Maintain stable health and function of BCG-unresponsive NMIBC with N-803 Plus BCG

Bladder cancer in women: © vitanovski –


Patient-Reported Outcomes (PRO) in Patients with Stage 2/3 Bacillus Calmette-Guerin (BCG) Unresponsive Non-Muscle Invasive Bladder Cancer (NMIBC) Carcinoma in Situ (CIS; Cohort A) or Papillary Disease (Cohort B) N-803 Plus BCG’s QUILT 3.032 study (NCT03022825) completed the PRO questionnaire and reached study month 24, showing stability in physical function and overall health over the course of 2 years.1

Published PROs as of the data cutoff date of May 16, 2022, show that overall, patients in Cohorts A and B were also reported no decrease in their health status or urinary tract-related symptoms during the study period. By 6 months, patients who achieved complete remission (CR) with the combination of BCG and N-803 also had better physical function than those who did not achieve CR.

These results from the PRO analysis support positive interim results from the Phase 2/3 QUILT 3.032 study, which was previously published in New England Journal of Medicine Records. Additionally, these data support the safety and tolerability of this combination as a potential new treatment option for patients with BCG-nonresponsive bladder cancer.

“The stability of participants’ self-reported health and physical function over the course of the study reflects another aspect of the safety and tolerability of this new combination therapy,” said Patrick Soon-Shiong, MD, executive chairman and global chief scientific officer. explain. ImmunityBio officials said in a press release. “Combined with the greater than 70% positive response rate, sustained response, and avoidance of cystectomy in Cohort A, these quality-of-life findings suggest that this potential new treatment option has a favorable risk-benefit ratio for patients with BCG-unresponsive bladder cancer. .”

Previous results from the phase 2/3 study showed that 71% of patients with Group A CIS with or without Ta/T1 disease achieved CR, with a median duration of response of 26.6 months. 2 The avoidance rate of cystectomy is 89.2%, and the 24-month overall survival rate of bladder cancer is 100%.

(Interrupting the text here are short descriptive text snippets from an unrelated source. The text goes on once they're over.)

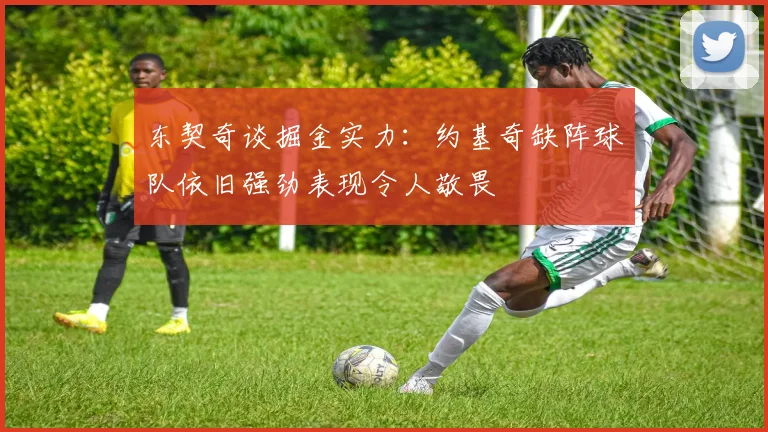 东契奇谈掘金实力：约基奇缺阵球队依旧强劲表现令人敬畏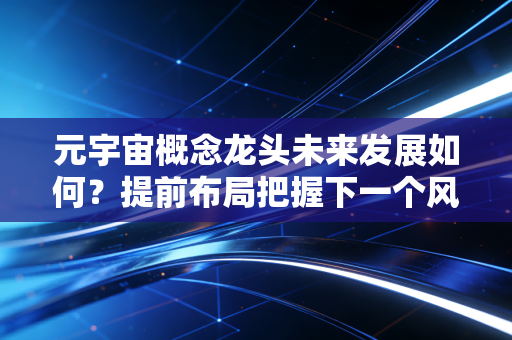 元宇宙概念龙头未来发展如何？提前布局把握下一个风口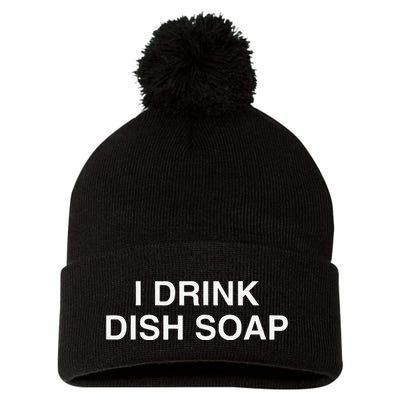 I Drink Dish Soap Funny Gen Z Brainrot Unhinged Novelty Meme Pom Pom 12in Knit Beanie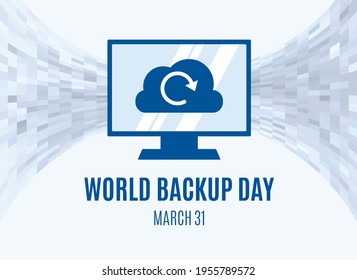 World Backup Day vector. Backup computer data vector. Pc monitor with uploading cloud icon vector. World Backup Day Poster, March 31. Important day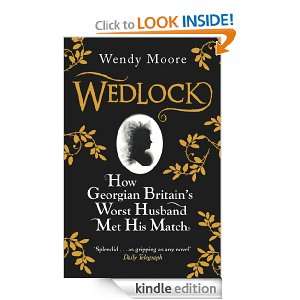 Wedlock How Georgian BritainS Worst Husband Met His Match Wendy 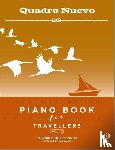 Quadro Nuevo - Piano Book for Travellers (Vol. 2)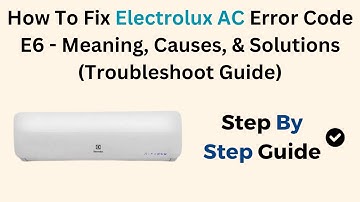 How To Fix Electrolux AC Error Code E6 - Meaning, Causes, & Solutions (Troubleshoot Guide)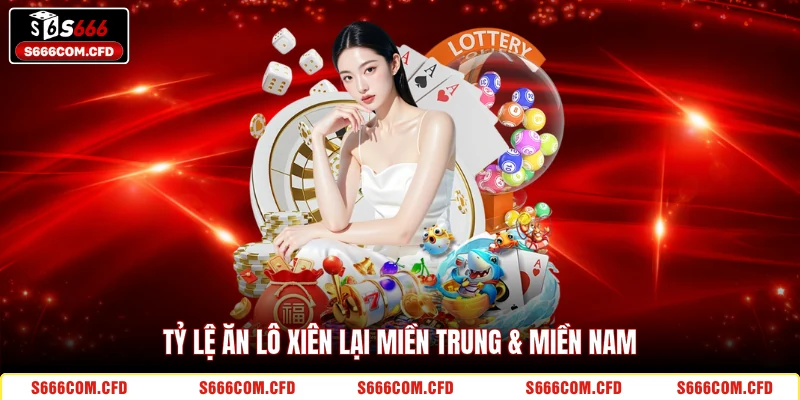 Tỷ lệ ăn lô xiên lại miền Trung & miền Nam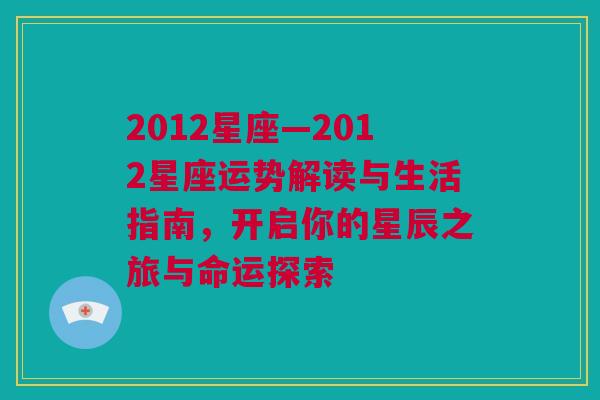 2012星座—2012星座运势解读与生活指南，开启你的星辰之旅与命运探索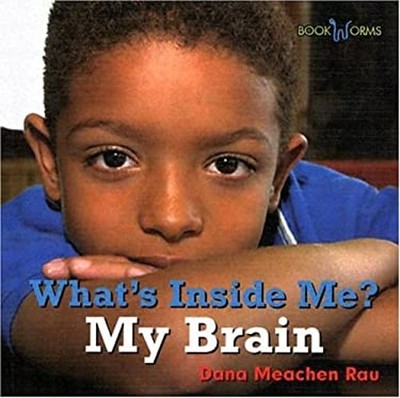 My Brain Hardcover Dana Meachen Rau
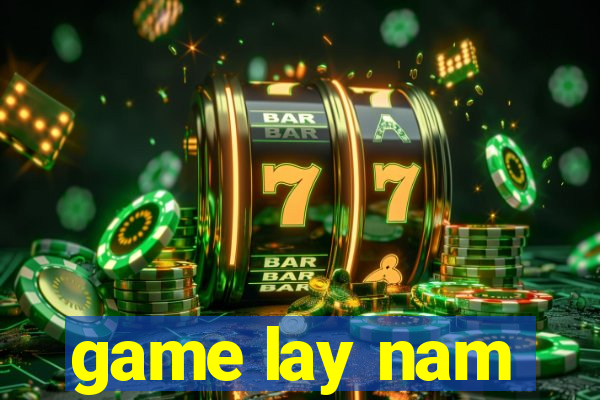 game lay nam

The combination also produced a favorable safety profile with no serious adverse events reported, supporting the favorable risk-benefit ratio of N-803 plus BCG in this patient population.1

QUILT 3.032 is an open-label, single-arm, multicenter, phase 2/3 trial enrolling patients with persistent or recurrent CIS within 12 months of adequate treatment with BCG (cohort A) or papillary recurrent high-grade CIS Within 6 months of completion of adequate BCG therapy for Ta-T1 disease. Patients received 50 mg BCG plus 400 μg intravesical N-803 weekly for 6 weeks or reinduction therapy for 6 weeks and maintained for up to 3 years.2

The primary endpoint in Arm A was biopsy-confirmed CR at 3 or 6 months. In cohort B, the primary endpoint was disease-free rate at 12 months. Secondary endpoints of the study included duration of CR, avoidance of cystectomy, time to cystectomy, and safety.

A Biological products license application for N-803 plus BCG Drugs for the treatment of NMIBC CIS have been submitted and are currently under FDA review. The Prescription Drug User Fee Act is set for April 23, 2024.

refer to:
  1. ImmunityBio’s quality-of-life study in the BCG-unresponsive bladder cancer trial showed that 71% of complete responders experienced improved physical function, suggesting that N-803 plus BCG has a favorable risk-benefit ratio. Press Releases. ImmunityBio, Inc. February 5, 2024. Accessed February 6, 2024.
  2. Chamie K, Chang S, Gonzalgo M, et al. Final clinical results from a pivotal trial of the FFIL-15RαFc superagonist N-803 in combination with BCG for the treatment of BCG-nonresponsive CIS and papillary non-muscle-invasive bladder cancer (NMIBC). Presented at: 2022 American Society of Clinical Oncology Annual Meeting; June 2-6, 2022; Virtual. Abstract 4508.